# Making Plans to Run to the Border



## Beach-bum (Jan 9, 2009)

Hi Everyone, Just what you needed another Beach-bum like me.LoL I have lots of questions about Moving to Mexico. We might have to do this in stages. HaHA Here goes anyway. I plan on moving to the state of Yuatan by the beach I have been down to look at land and houses but did not find what I was looking for. I have been to Mexico about 18-20 times over the past 6 years or so and I just love it. I would like to make Mexico The last Move so FM-2 is a must . Hear is the hard part for me I want to try to work in the real estate field and also buy, fix and resell real estate With the buy,fix, resell being the main sorce of my income. Can I do this ?? Is it possable??? The next thing is it safe to put large amounts of money in the Mexican banking system??? Well that's it for now I think I see the sun coming up, time to hit the beach . SEEEEEEEE You Soon!!!!! Beach-bum


----------



## RVGRINGO (May 16, 2007)

You need to consider a few things:

First, you won't like Mexican banks. Keep your funds in the US banking system and use ATMs for daily cash needs. For larger amounts in Mexico, use an investment house account, where you can wire funds and/or write US checks as needed.

Unless you have a working permission on your visa for a construction business, you may have difficulty. Even then, you can expect visits from the competition's 'heavies', sindicatos, IMSS, etc. Competition isn't always welcome.

You may buy, remodel and sell your own residence; move and do it again. However, after a few such moves are 'discovered' you will have to stop.

Have you ever been to the coasts of Mexico in the summer? Hot and humid is an understatement!
Spend a whole year there before investing.


----------



## Rodrigo84 (Mar 5, 2008)

RVGRINGO makes an important point on competition.

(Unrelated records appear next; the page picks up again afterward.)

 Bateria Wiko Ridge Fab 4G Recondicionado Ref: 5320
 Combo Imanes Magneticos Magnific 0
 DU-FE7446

Even if you get your visa to do this, it's kind of closed industry. I used to do it myself with a neighbor of mine and it was very difficult because we were literally physically threatened by competitors (it's our turf, stay out of here, etc.).

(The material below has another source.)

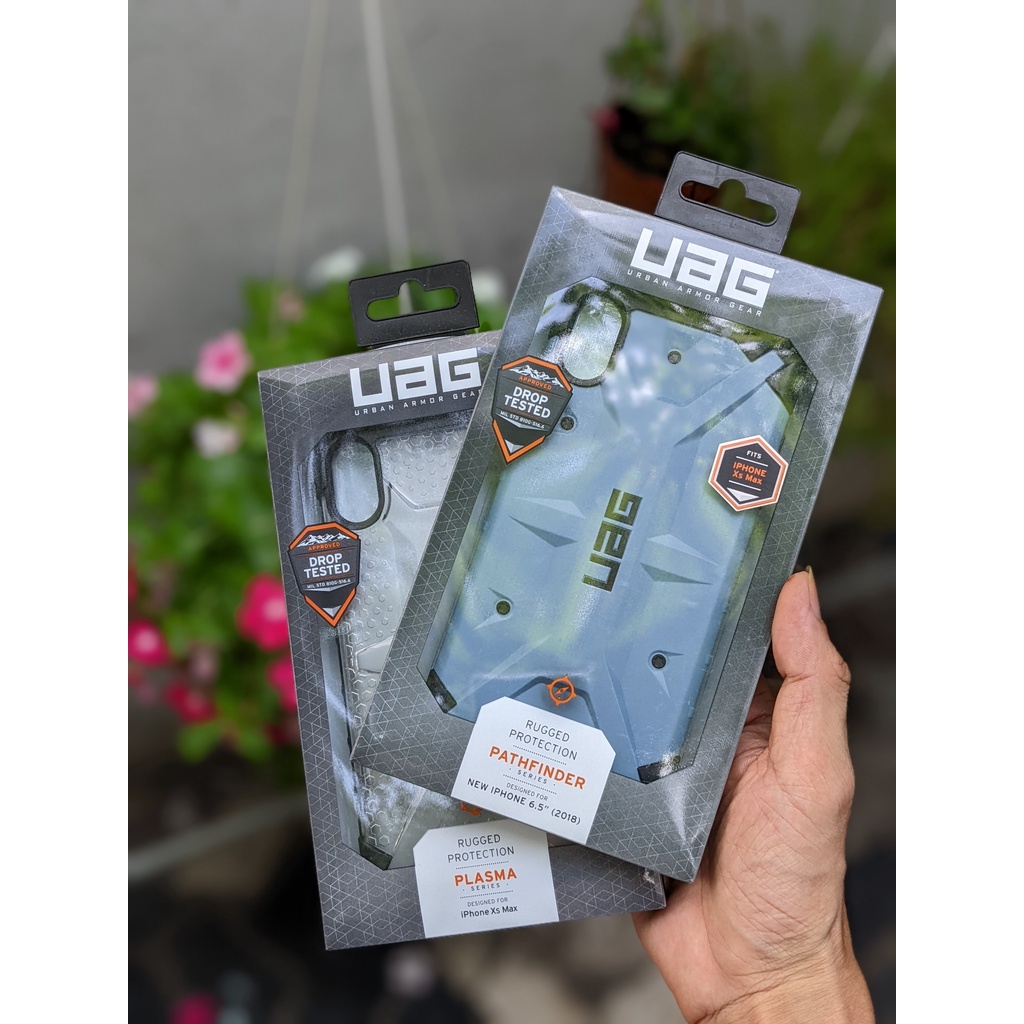 [LaoHac Store] Ốp Lưng UAG Dành Cho Iphone Xsmax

Banks are really hit or miss here. You can have a friend with the same bank and a lot of trouble, and then some just work out fine. But don't expect the pleasantries that come with the U.S. banking system. Even online banking with Mexican banks is a nightmare.


----------



## Beach-bum (Jan 9, 2009)

Thanks for the replys!!!! Sounds like I need to put a good Mexican Lawyer on payroll first. You guys have any that comes to mind???? Here is some back ground, lived in Fla. for 20 yrs. and 18 yrs. in central VA.. Ready to move to Yuatan, Mexico now. Not worried about Mexicans telling me were there turf is, planing on hiring local labor the right way legal. We plan on investing in houses ,land and condos fixinging them up to our standards then puting them back on the market for sale if you guys don't think I can do this with out a lotttttttt of B.S. please let me know Because I can move anywere in the world now and it dont have to be here


----------



## buddha (Nov 2, 2008)

*What is wrong with the good old USA?*

Why not invest in the USA?

Plenty of bargains now.


----------



## Rodrigo84 (Mar 5, 2008)

Beach-bum said:


> Thanks for the replys!!!! Sounds like I need to put a good Mexican Lawyer on payroll first. You guys have any that comes to mind???? Here is some back ground, lived in Fla. for 20 yrs. and 18 yrs. in central VA.. Ready to move to Yuatan, Mexico now. Not worried about Mexicans telling me were there turf is, planing on hiring local labor the right way legal. We plan on investing in houses ,land and condos fixinging them up to our standards then puting them back on the market for sale if you guys don't think I can do this with out a lotttttttt of B.S. please let me know Because I can move anywere in the world now and it dont have to be here


The economy is not good here for that kind of thing right now. Here in Mexico City there is A LOT of empty apartment space and not enough low-income housing. They thought they were going to have an economic boom and then the economic crisis that hit the U.S. hit the upper classes here. I just don't know who is going to have the money to buy in the Yucatan or elsewhere. You'd have to get an extraordinary deal on the properties in question and then hope you can find a buyer.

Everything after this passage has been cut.